In a stunning moment that was emblematic of the collective power of the internet, and a cooking time of nine days, the record was poached.

As of writing, the egg has cracked 54 million likes. Better yet, Mr Godfrey used the egg-citement for good, with the world_record_egg Instagram account regularly posting mental health tips to its 7.4 million followers.

Expensive banana drama

Some contemporary art is so ludicrous, it’s beyond the realm of parody. Then again, not all works command the same fervent attention as Italian-born artist Maurizio Cattelan’s ‘Comedian‘.

For those playing at home, yes, this is the banana that was duct taped to the wall of Art Basel Miami and sold at auction for a measly $120,000.

Comedian, in all its humble glory. Photo: Supplied

The merits of the original work were thrown into more absurd territory when fellow artist, Georgian-born David Datuna, ate the piece in his own performative work titled ‘Hungry Artist‘.

Perhaps unsurprisingly, the furore wasn’t the first time Cattelan courted controversy this year, after an 18-carat solid gold toilet he crafted was stolen from Blenheim Palace (otherwise known as the birthplace of Winston Churchill).

The shoe explosion that cost Nike billions

If a sports apparel company is going to outfit basketball’s “next big thing”, you best hope it withstands the pressure of a high-profile college basketball game.

It was an expensive lesson Nike learned after Zion Williamson, the number one pick in this year’s NBA draft, collapsed just 36 seconds into Duke University’s clash with the University of North Carolina.

The culprit? A wardrobe malfunction of the explosive kind.

Slow-motion footage showed Williamson’s left shoe disintegrating and his 129-kilogram frame falling to the court, face ridden with agony.

The eventual social media storm resulted in Nike shares losing 1.1 per cent after the next day’s trade — the equivalent of $2.07 billion.

Kim Jong Un, is that really you?

Global attention turned to Vietnam in February, with hopes an unprecedented meeting between US President Donald Trump and North Korea’s Kim Jong-un could finally break their nuclear impasse.

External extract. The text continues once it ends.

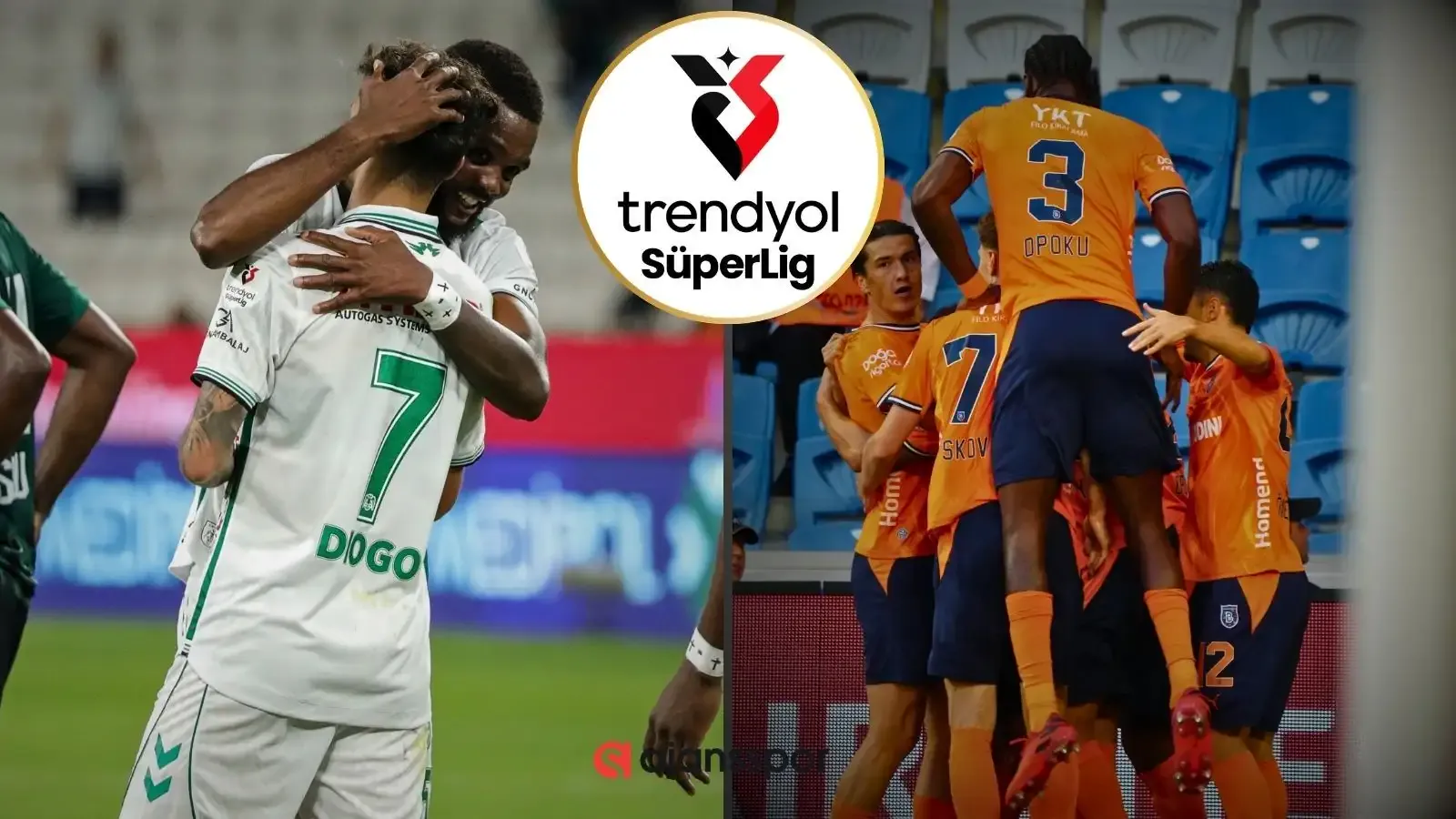 Konyaspor - Başakşehir maçı ne zaman, hangi kanalda? Muhtemel 11'ler, sakat ve cezalılar
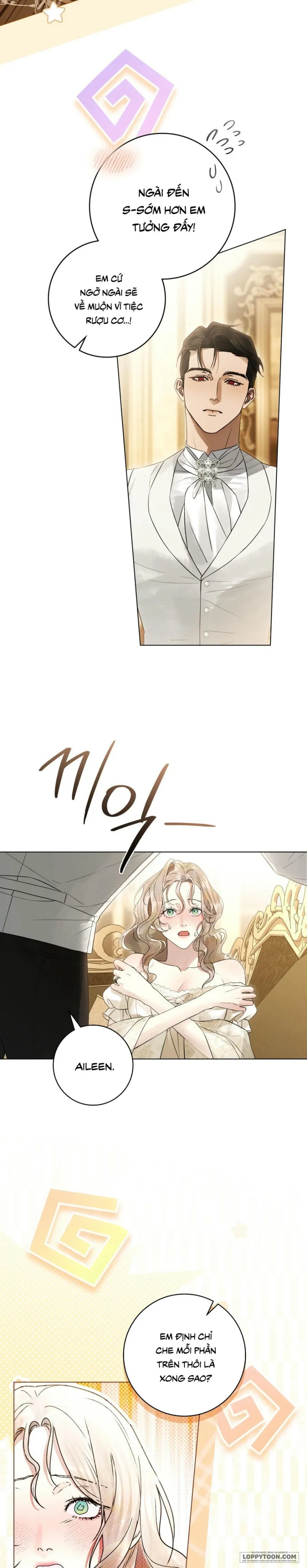 Người Chồng Độc Ác - Chap 28 - Trang 16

Enter Howard X, an Australian-born impersonator, who turned heads and stole headlines with public appearances in the days before the much-hyped Hanoi summit.

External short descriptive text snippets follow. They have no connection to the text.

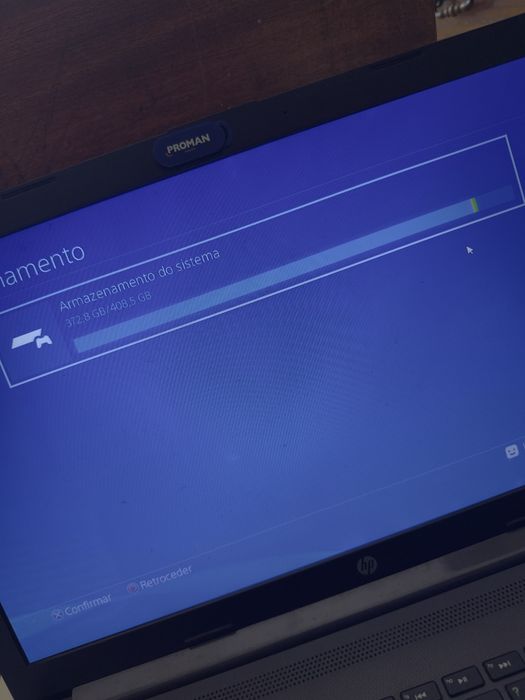 Ps4 em perfeitas condições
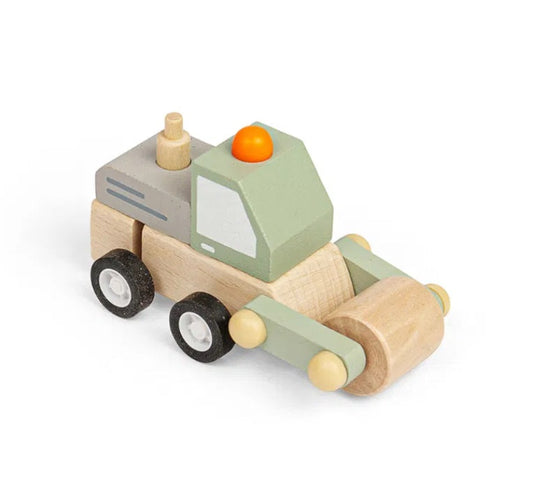 Wind Up Truck - Roller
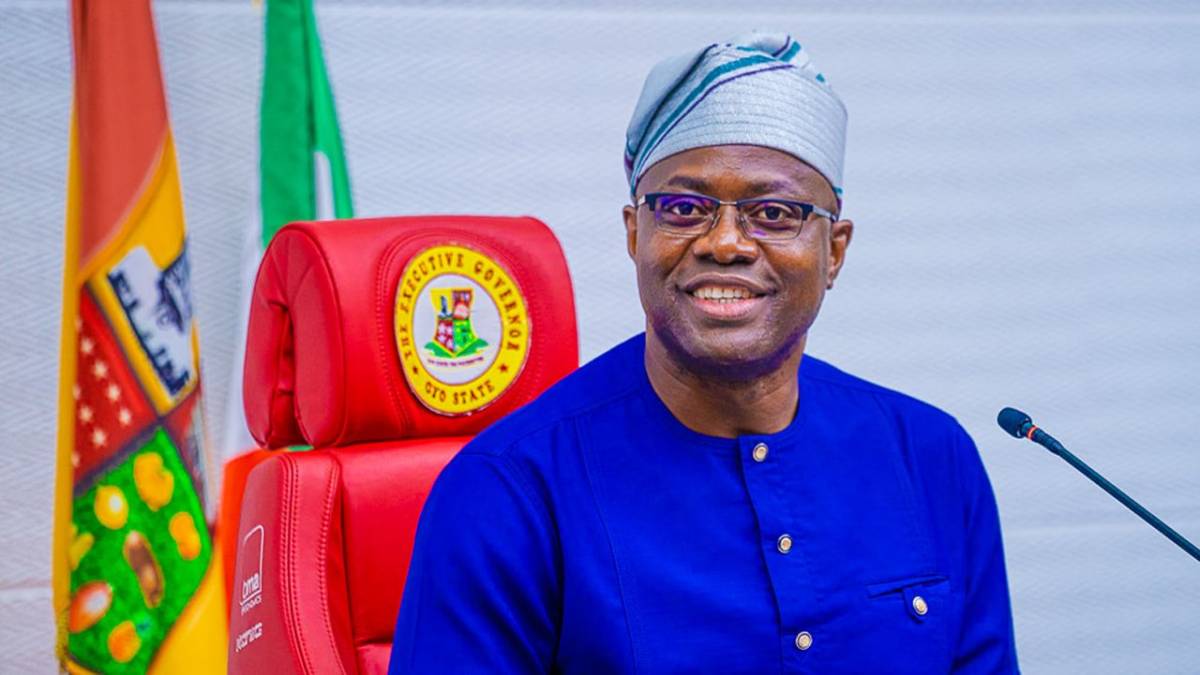 The Senate has cautioned Oyo State Governor Seyi Makinde against making statements that could underm...
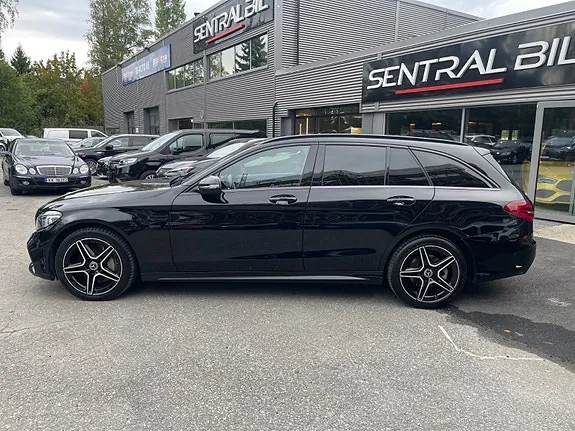 Mercedes-Benz C300 De 2020 photo 4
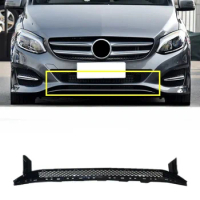 Front Bumper Central Cover Grille A2468850053 for Mercedes-Benz B-Class B200 B260 B180 W246 W242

While his likeness to Kim was uncanny and his jovial ways gave away the ruse, Kim failed to see the funny side, ordering X’s deportation from the nation on the same day he was due to arrive by train.

Howard X waves with Donald Trump impersonator Russell White outside La Paix hotel in Hanoi, Vietnam. Photo: AP

As he was escorted from the country, donning sunglasses in the style of the Korean despot, X told reporters: “Satire is a powerful weapon against any dictatorship. They are scared of a couple of guys that look like the real thing.”

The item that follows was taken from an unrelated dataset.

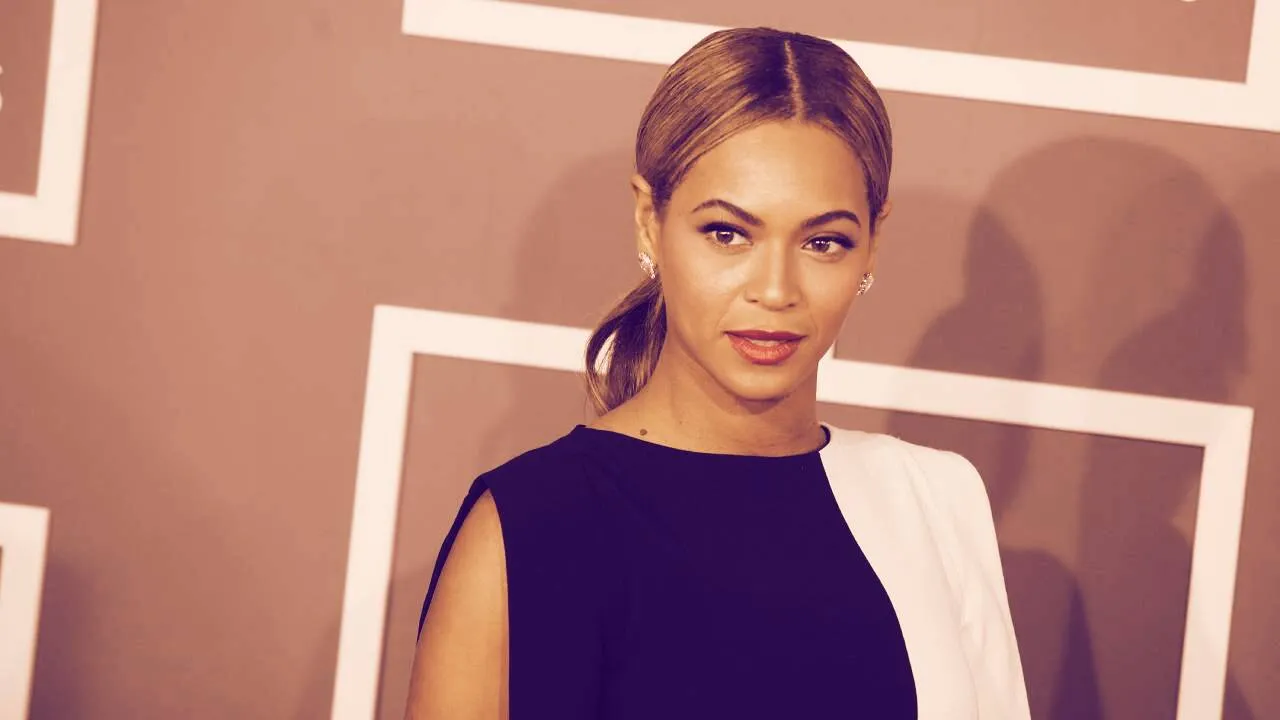 Beyoncé's Twitter account was among those reportedly accessed by contractors using the 'God mode' admin panel (Image: Shutterstock)
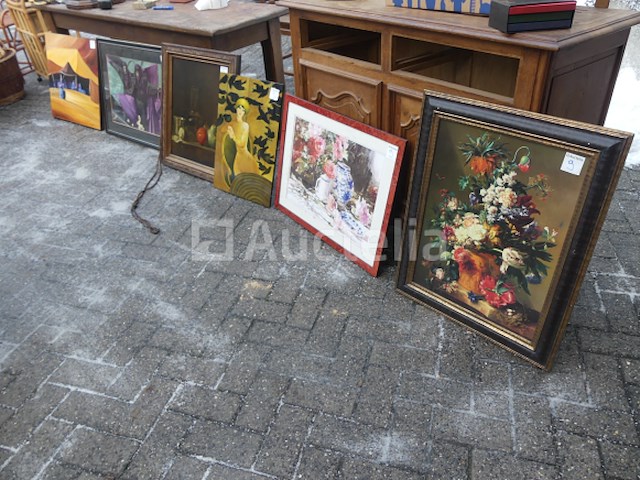 6 decoratieve lijsten - afbeelding 2 van  7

Did someone say snowflakes?

Unmasking a not-so-cunning jailbreak

When you think of the world’s most notorious prison breaks, you may think of El Chapo’s elaborate 2015 plot involving a mile-long tunnel and helicopters, or 1962’s famed Escape from Alcatraz.

This particular mask-job does not belong in the same company.

The Brazilian gang leader Clauvino da Silva, aka “Shorty”, attempted to fool Rio prison guards by masquerading as his 19-year-old daughter, dressed to the nines in a bra and wig, an undersized Disney T-shirt and arguably the most horrifying silicone mask known to man.

But when passing through the prison entrance to make his audacious exit, officers caught on to the low-rent con job, and requested him to strip for the cameras.

However, this story has sombre ending. Da Silva was found dead in his prison cell three days after the foiled plot.